Find the line below with "Альбом для рисования" and the line with "соник | фильмы". Output exactly those lines and everything between them, leaving out the pictures.

(Available data):
....

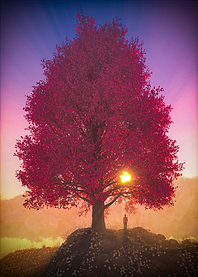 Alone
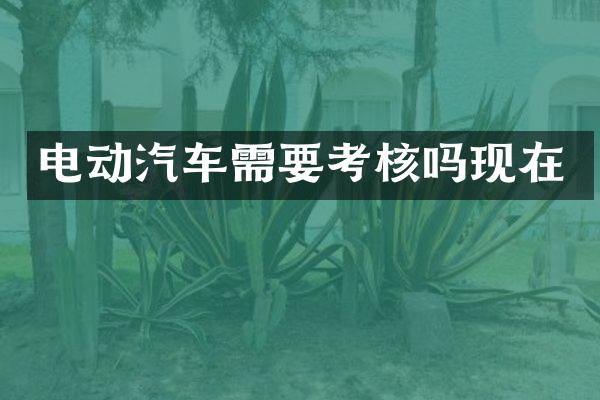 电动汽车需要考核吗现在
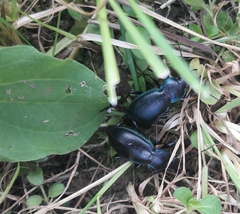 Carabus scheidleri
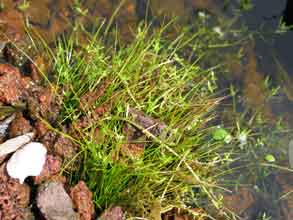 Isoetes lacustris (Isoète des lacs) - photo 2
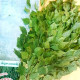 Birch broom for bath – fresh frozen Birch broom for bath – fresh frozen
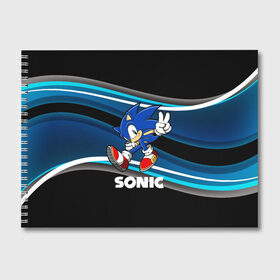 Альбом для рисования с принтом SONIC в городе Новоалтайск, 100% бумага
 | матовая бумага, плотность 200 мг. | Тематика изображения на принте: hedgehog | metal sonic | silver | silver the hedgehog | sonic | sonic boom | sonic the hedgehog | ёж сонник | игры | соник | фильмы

....

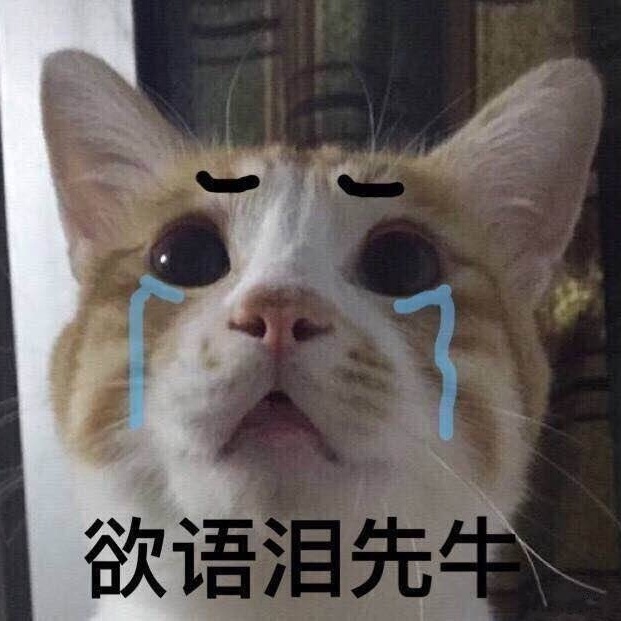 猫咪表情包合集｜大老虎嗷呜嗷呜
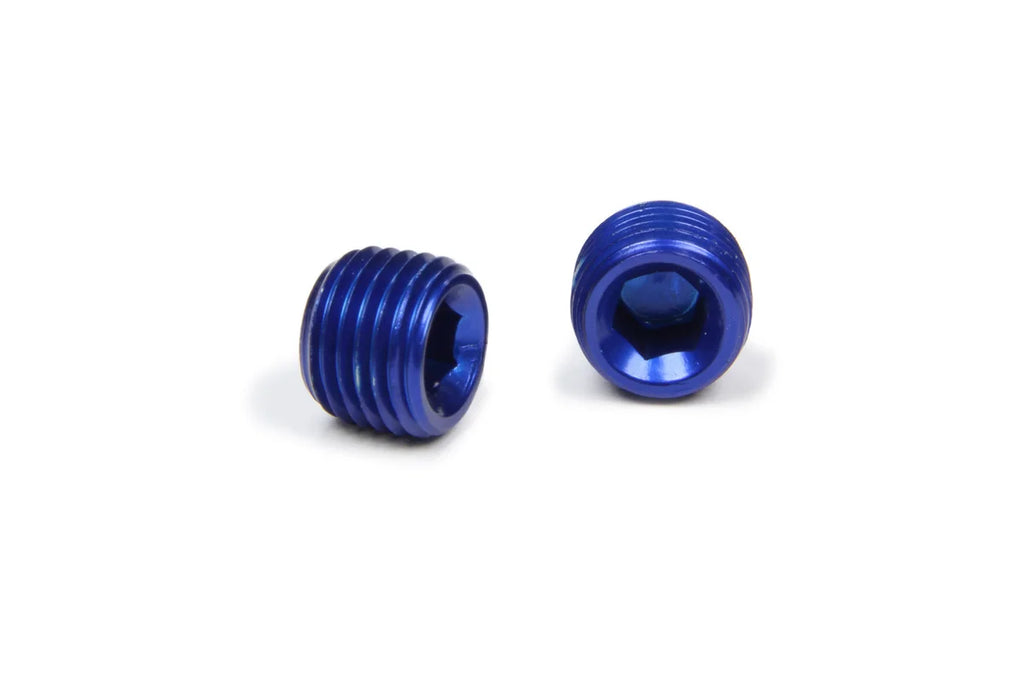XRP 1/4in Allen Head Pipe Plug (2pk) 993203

....

(Answer area):
 Альбом для рисования с принтом SONIC в городе Новоалтайск, 100% бумага
 | матовая бумага, плотность 200 мг. | Тематика изображения на принте: hedgehog | metal sonic | silver | silver the hedgehog | sonic | sonic boom | sonic the hedgehog | ёж сонник | игры | соник | фильмы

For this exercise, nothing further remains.